Uber-project for (some) standard Jackson textual format backends: csv, properties, yaml (xml to be added in future)
Apache License 2.0
405 stars 149 forks source link

Support @JsonAnyGetter with CSV #243

Open MrBuddyCasino opened 3 years ago

MrBuddyCasino commented 3 years ago

It seems the @JsonAnyGetter annotation is not supported for the CSV format.

I made a runnable test case: https://github.com/MrBuddyCasino/jackson-csv-bug

It fails with com.fasterxml.jackson.dataformat.csv.CsvMappingException: Unrecognized column 'xxx': known columns: ["num"] (through reference chain: org.example.CsvTest$Entity["[anySetter]"])

cowtowncoder commented 3 years ago

Couple of quick questions:

  1. Jackson version? (I assume including latest, 2.12.1)
  2. Are columns declared with CsvSchema? (must be for columnar support)
cowtowncoder commented 3 years ago

Looking at the test case, schema is generated for the POJO. But unfortunately this cannot really generate anything for @JsonAnyGetter since that is based on type, not instance.

So basically it is not clear who such values could be supported: they cannot work without some mechanism for declaring columns that should exist -- currently the way to do that would be to manually construct CsvSchema (or modify one CSVMapper.schemaFor(...) builds).
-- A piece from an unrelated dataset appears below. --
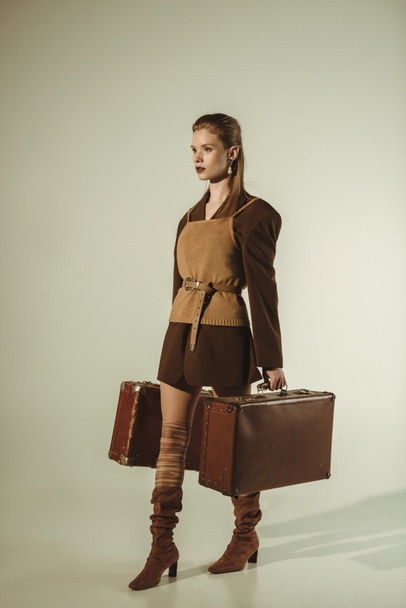 attractive young woman holding vintage travel bags on beige - Фото, зображення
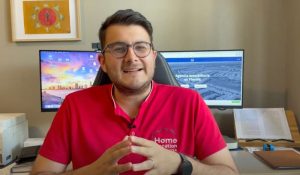 Hombre con camisa roja sentado en un escritorio frente a dos monitores encendidos.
I suppose that having an annotation-based mechanism might work, but would require change/addition of an annotation for listing extra properties (that would map to columns).

MrBuddyCasino commented 3 years ago

Thanks for the reply.

If I understand the issue correctly, the problem is that the CsvSchema has to know all the possible columns in advance, so that it can write a complete header, right? Otherwise it could just decide to not be "strict" in the presence of a @JsonAnyGetter annotation and extend its schema as new columns are being discovered.

As a workaround I take the POJO generated CsvSchema and add the dynamic column keys from the additionalProperties map using the withColumnsFrom() method. This seems to work.

Since the @JsonAnySetter annotation is officially supported, it is not immediately obvious why @JsonAnyGetter wouldn't be, unless one thinks about it. Maybe this can be added to the documentation?

cowtowncoder commented 3 years ago

@MrBuddyCasino yes your understanding is correct: the schema (mapping between columnar position and property name) must exist for all values before they are written: although serialization could in theory append new columns at the end, it wouldn't be clear how deserialization side could determine these additions. If all output was always buffered it could be done by modifying schema, writing out headers, but Jackson operates incrementally and does not buffer entries (although there is buffering for a single row in case name/value pairs are written out of order).

There are probably ways to improve handling wrt @JsonAnyGetter and I'll keep the issue in mind in case I can think of something. If you (or anyone else) have further ideas feel free to add here as well.

And finally, yes, this is something where documentation improvements would be useful. Some annotations do not work as well (or at all) with all backend formats.